Crawled caption data:
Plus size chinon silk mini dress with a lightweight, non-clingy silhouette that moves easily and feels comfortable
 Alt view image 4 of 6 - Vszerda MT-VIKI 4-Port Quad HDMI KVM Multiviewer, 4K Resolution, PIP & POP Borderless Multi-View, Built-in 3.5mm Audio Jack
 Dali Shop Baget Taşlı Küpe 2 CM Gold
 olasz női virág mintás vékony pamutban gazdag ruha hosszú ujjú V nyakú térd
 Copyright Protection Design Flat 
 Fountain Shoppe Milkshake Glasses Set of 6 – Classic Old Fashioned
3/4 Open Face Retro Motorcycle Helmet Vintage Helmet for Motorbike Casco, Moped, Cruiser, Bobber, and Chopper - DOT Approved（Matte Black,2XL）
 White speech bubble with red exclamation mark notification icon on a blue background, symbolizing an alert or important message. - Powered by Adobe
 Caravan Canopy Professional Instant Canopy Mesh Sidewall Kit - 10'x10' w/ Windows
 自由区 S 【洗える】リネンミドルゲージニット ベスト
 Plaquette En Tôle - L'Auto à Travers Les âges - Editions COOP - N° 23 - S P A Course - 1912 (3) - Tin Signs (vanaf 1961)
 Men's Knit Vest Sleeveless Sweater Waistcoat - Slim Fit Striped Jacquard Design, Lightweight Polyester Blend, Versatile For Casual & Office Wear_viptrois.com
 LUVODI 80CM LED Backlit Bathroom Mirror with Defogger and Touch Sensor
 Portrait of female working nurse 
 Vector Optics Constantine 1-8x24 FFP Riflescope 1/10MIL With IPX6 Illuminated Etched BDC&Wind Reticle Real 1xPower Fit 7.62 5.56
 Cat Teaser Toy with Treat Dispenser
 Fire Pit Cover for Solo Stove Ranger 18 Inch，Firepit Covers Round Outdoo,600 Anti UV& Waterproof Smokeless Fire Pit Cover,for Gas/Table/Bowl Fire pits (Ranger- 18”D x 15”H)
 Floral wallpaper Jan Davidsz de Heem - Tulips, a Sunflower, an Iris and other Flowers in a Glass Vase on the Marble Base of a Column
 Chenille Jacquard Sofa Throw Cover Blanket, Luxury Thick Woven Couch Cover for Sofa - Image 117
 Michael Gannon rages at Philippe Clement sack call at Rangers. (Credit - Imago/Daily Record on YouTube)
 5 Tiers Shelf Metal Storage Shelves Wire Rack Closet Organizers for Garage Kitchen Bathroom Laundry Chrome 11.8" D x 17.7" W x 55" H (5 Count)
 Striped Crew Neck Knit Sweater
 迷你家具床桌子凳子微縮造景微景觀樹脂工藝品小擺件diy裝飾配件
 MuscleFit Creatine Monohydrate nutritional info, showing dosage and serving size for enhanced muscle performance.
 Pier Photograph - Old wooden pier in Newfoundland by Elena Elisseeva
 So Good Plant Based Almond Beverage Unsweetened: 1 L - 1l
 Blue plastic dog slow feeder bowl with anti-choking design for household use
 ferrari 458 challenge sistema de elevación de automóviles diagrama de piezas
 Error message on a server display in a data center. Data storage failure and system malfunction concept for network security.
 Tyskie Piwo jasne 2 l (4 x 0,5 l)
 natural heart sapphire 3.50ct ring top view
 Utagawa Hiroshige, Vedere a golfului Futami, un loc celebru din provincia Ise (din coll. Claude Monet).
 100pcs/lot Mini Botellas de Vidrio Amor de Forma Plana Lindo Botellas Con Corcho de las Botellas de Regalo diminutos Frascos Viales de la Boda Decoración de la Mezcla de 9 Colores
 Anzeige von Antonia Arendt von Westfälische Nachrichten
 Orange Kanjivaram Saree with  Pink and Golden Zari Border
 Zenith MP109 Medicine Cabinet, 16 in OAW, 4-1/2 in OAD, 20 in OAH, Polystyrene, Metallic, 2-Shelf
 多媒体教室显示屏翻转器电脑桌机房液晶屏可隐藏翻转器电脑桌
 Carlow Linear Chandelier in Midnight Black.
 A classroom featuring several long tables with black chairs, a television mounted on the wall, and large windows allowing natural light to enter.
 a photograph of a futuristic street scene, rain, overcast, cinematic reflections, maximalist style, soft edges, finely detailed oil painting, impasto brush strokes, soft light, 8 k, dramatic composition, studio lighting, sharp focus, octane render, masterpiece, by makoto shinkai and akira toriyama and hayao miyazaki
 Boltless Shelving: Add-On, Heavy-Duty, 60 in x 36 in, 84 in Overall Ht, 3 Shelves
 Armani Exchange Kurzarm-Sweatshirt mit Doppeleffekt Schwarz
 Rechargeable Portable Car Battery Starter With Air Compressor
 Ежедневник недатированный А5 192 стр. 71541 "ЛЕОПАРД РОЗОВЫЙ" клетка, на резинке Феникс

● What this task involves
The records above are to be written out again word for word.

● Answer below
Plus size chinon silk mini dress with a lightweight, non-clingy silhouette that moves easily and feels comfortable
 Alt view image 4 of 6 - Vszerda MT-VIKI 4-Port Quad HDMI KVM Multiviewer, 4K Resolution, PIP & POP Borderless Multi-View, Built-in 3.5mm Audio Jack
 Dali Shop Baget Taşlı Küpe 2 CM Gold
 olasz női virág mintás vékony pamutban gazdag ruha hosszú ujjú V nyakú térd
 Copyright Protection Design Flat 
 Fountain Shoppe Milkshake Glasses Set of 6 – Classic Old Fashioned
3/4 Open Face Retro Motorcycle Helmet Vintage Helmet for Motorbike Casco, Moped, Cruiser, Bobber, and Chopper - DOT Approved（Matte Black,2XL）
 White speech bubble with red exclamation mark notification icon on a blue background, symbolizing an alert or important message. - Powered by Adobe
 Caravan Canopy Professional Instant Canopy Mesh Sidewall Kit - 10'x10' w/ Windows
 自由区 S 【洗える】リネンミドルゲージニット ベスト
 Plaquette En Tôle - L'Auto à Travers Les âges - Editions COOP - N° 23 - S P A Course - 1912 (3) - Tin Signs (vanaf 1961)
 Men's Knit Vest Sleeveless Sweater Waistcoat - Slim Fit Striped Jacquard Design, Lightweight Polyester Blend, Versatile For Casual & Office Wear_viptrois.com
 LUVODI 80CM LED Backlit Bathroom Mirror with Defogger and Touch Sensor
 Portrait of female working nurse 
 Vector Optics Constantine 1-8x24 FFP Riflescope 1/10MIL With IPX6 Illuminated Etched BDC&Wind Reticle Real 1xPower Fit 7.62 5.56
 Cat Teaser Toy with Treat Dispenser
 Fire Pit Cover for Solo Stove Ranger 18 Inch，Firepit Covers Round Outdoo,600 Anti UV& Waterproof Smokeless Fire Pit Cover,for Gas/Table/Bowl Fire pits (Ranger- 18”D x 15”H)
 Floral wallpaper Jan Davidsz de Heem - Tulips, a Sunflower, an Iris and other Flowers in a Glass Vase on the Marble Base of a Column
 Chenille Jacquard Sofa Throw Cover Blanket, Luxury Thick Woven Couch Cover for Sofa - Image 117
 Michael Gannon rages at Philippe Clement sack call at Rangers. (Credit - Imago/Daily Record on YouTube)
 5 Tiers Shelf Metal Storage Shelves Wire Rack Closet Organizers for Garage Kitchen Bathroom Laundry Chrome 11.8" D x 17.7" W x 55" H (5 Count)
 Striped Crew Neck Knit Sweater
 迷你家具床桌子凳子微縮造景微景觀樹脂工藝品小擺件diy裝飾配件
 MuscleFit Creatine Monohydrate nutritional info, showing dosage and serving size for enhanced muscle performance.
 Pier Photograph - Old wooden pier in Newfoundland by Elena Elisseeva
 So Good Plant Based Almond Beverage Unsweetened: 1 L - 1l
 Blue plastic dog slow feeder bowl with anti-choking design for household use
 ferrari 458 challenge sistema de elevación de automóviles diagrama de piezas
 Error message on a server display in a data center. Data storage failure and system malfunction concept for network security.
 Tyskie Piwo jasne 2 l (4 x 0,5 l)
 natural heart sapphire 3.50ct ring top view
 Utagawa Hiroshige, Vedere a golfului Futami, un loc celebru din provincia Ise (din coll. Claude Monet).
 100pcs/lot Mini Botellas de Vidrio Amor de Forma Plana Lindo Botellas Con Corcho de las Botellas de Regalo diminutos Frascos Viales de la Boda Decoración de la Mezcla de 9 Colores
 Anzeige von Antonia Arendt von Westfälische Nachrichten
 Orange Kanjivaram Saree with  Pink and Golden Zari Border
 Zenith MP109 Medicine Cabinet, 16 in OAW, 4-1/2 in OAD, 20 in OAH, Polystyrene, Metallic, 2-Shelf
 多媒体教室显示屏翻转器电脑桌机房液晶屏可隐藏翻转器电脑桌
 Carlow Linear Chandelier in Midnight Black.
 A classroom featuring several long tables with black chairs, a television mounted on the wall, and large windows allowing natural light to enter.
 a photograph of a futuristic street scene, rain, overcast, cinematic reflections, maximalist style, soft edges, finely detailed oil painting, impasto brush strokes, soft light, 8 k, dramatic composition, studio lighting, sharp focus, octane render, masterpiece, by makoto shinkai and akira toriyama and hayao miyazaki
 Boltless Shelving: Add-On, Heavy-Duty, 60 in x 36 in, 84 in Overall Ht, 3 Shelves
 Armani Exchange Kurzarm-Sweatshirt mit Doppeleffekt Schwarz
 Rechargeable Portable Car Battery Starter With Air Compressor
 Ежедневник недатированный А5 192 стр. 71541 "ЛЕОПАРД РОЗОВЫЙ" клетка, на резинке Феникс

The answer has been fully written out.